> Problem requirements:
Return the lines below exactly, starting with the line that contains "Juego de Tazas" and stopping after the last line.

+++ Information supplied

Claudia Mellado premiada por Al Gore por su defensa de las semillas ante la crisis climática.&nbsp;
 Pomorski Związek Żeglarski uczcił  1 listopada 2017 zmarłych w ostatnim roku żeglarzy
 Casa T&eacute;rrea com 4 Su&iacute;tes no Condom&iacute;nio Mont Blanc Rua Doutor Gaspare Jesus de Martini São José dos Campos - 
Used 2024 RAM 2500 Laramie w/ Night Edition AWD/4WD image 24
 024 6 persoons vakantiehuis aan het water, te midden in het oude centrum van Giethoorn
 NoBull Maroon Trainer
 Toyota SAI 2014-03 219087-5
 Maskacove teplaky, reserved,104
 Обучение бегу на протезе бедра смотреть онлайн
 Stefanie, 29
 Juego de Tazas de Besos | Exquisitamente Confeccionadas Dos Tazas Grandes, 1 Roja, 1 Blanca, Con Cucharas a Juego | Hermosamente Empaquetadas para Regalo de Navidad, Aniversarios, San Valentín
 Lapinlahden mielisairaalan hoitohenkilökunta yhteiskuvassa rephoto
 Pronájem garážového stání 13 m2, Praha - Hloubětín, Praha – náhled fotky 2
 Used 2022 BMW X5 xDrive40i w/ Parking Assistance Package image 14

++++++

> Solved exercise:
 Juego de Tazas de Besos | Exquisitamente Confeccionadas Dos Tazas Grandes, 1 Roja, 1 Blanca, Con Cucharas a Juego | Hermosamente Empaquetadas para Regalo de Navidad, Aniversarios, San Valentín
 Lapinlahden mielisairaalan hoitohenkilökunta yhteiskuvassa rephoto
 Pronájem garážového stání 13 m2, Praha - Hloubětín, Praha – náhled fotky 2
 Used 2022 BMW X5 xDrive40i w/ Parking Assistance Package image 14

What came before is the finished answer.